German-American physicist Maria Goeppert Mayer (1906–1972) was a pioneering figure in nuclear physics and the second woman to receive the Nobel Prize in Physics, after Marie Curie. Born on June 28, 1906, in Kattowitz, Germany (now Katowice, Poland), she was the only child of Friedrich Goeppert and Maria Wolff. She earned her Ph.D. from the University of Göttingen in 1930, writing her thesis on the theory of possible two-photon absorption by atoms.
In 1930, she married chemist Joseph Edward Mayer and moved to the United States, where he held academic positions at institutions such as Johns Hopkins University and later the University of Chicago. Due to nepotism rules, she often worked without pay or held unpaid positions, including at Johns Hopkins and Columbia University.

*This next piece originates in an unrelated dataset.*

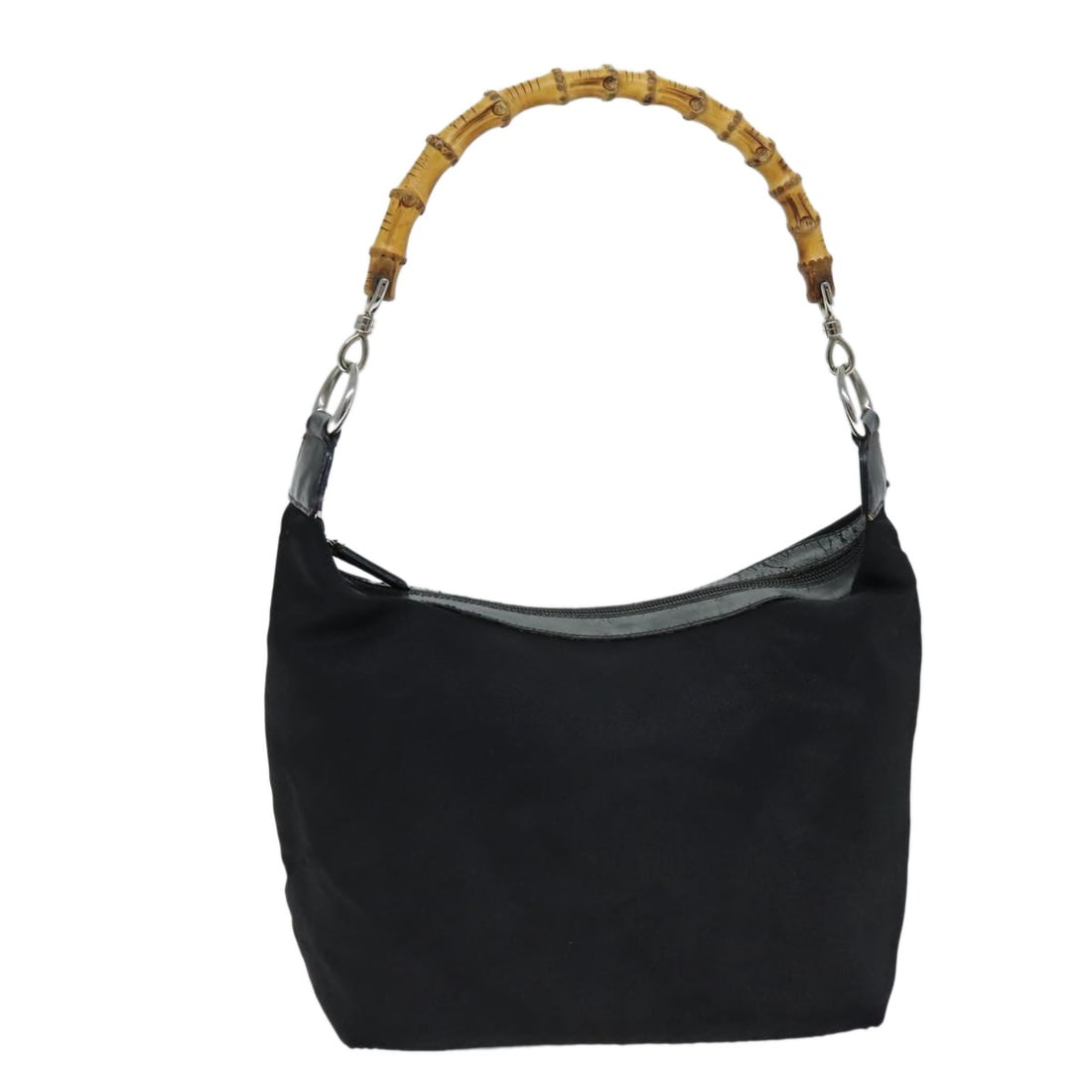 GUCCI Black Canvas Bamboo Shoulder Bag 000 1998 0531 Auth: GUCCI Black Canvas Bamboo Shoulder Bag 000 1998 0531 Auth Elevate your accessory collection with this authentic GUCCI Bamboo Shoulder Bag, a perfect blend of style and functionality. Crafted in Italy,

During World War II, Goeppert Mayer contributed to the Manhattan Project, working on isotope separation at Columbia University and collaborating with Edward Teller at Los Alamos on thermonuclear weapons development.

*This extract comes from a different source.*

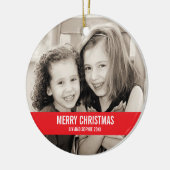 はっきりした赤と白クリスマス飾り セラミックオーナメント (左)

She is best known for developing the nuclear shell model, a theoretical framework that describes the structure of atomic nuclei in terms of energy levels, or “shells,” occupied by protons and neutrons. This model explained why certain numbers of nucleons, known as “magic numbers,” confer extra stability to nuclei. Her work, conducted independently and in parallel with German physicist J. Hans D. Jensen, was initially met with skepticism but later confirmed experimentally, significantly advancing the understanding of nuclear structure.

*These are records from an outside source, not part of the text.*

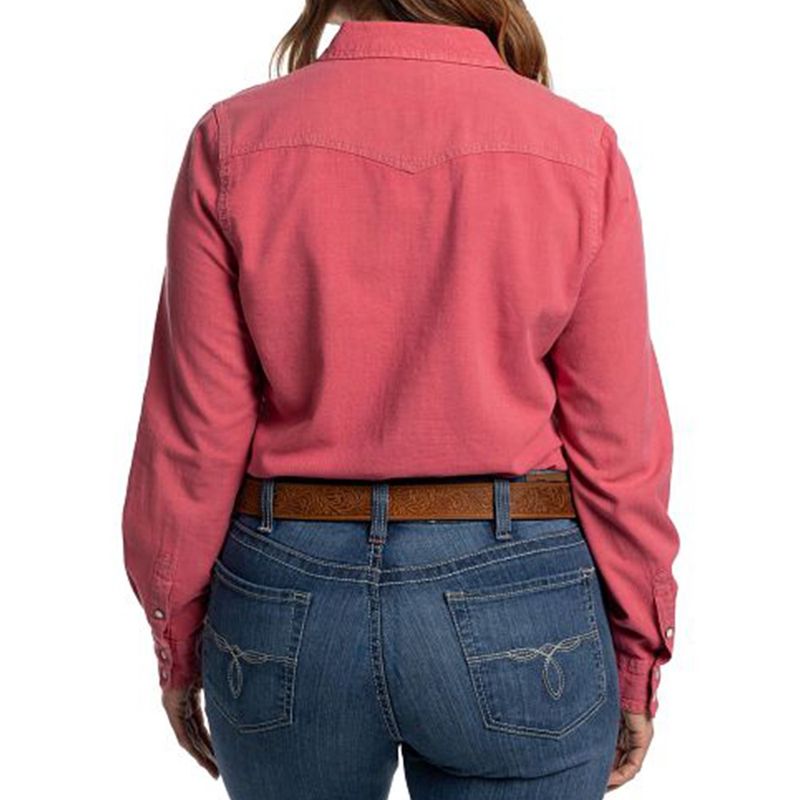 Justin Women's pink chambray shirt back view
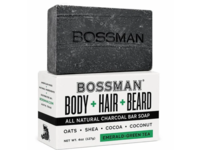 Bossman All Natural Charcoal Bar Soap, Eucalyptus + Tea Tree, 40 oz/127 g - thumbnail 1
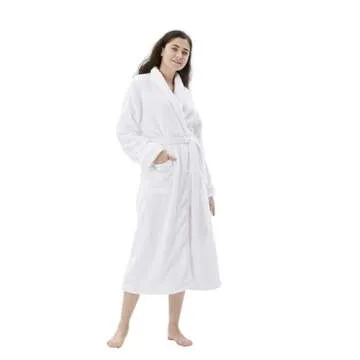 COOVA Women's Bathrobe Shawl Collar,Lounge Sleepwear Robe Side Pockets,Warm and Cozy,Medium White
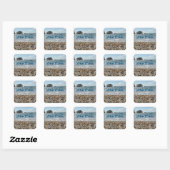 Ozeane Muscheln Foto Blauer Name Text Quadratischer Aufkleber (Blatt)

In recognition of her contributions, Goeppert Mayer shared the 1963 Nobel Prize in Physics with J. Hans D. Jensen and Eugene Wigner. She was appointed a full professor at the University of California, San Diego, in 1960, where she continued her research until her death on February 20, 1972, in San Diego, California.
Goeppert Mayer’s perseverance in the face of systemic barriers and her groundbreaking work have left a lasting impact on nuclear physics, influencing fields ranging from astrophysics to nuclear engineering. Her legacy continues to inspire, exemplifying dedication to scientific inquiry despite societal challenges.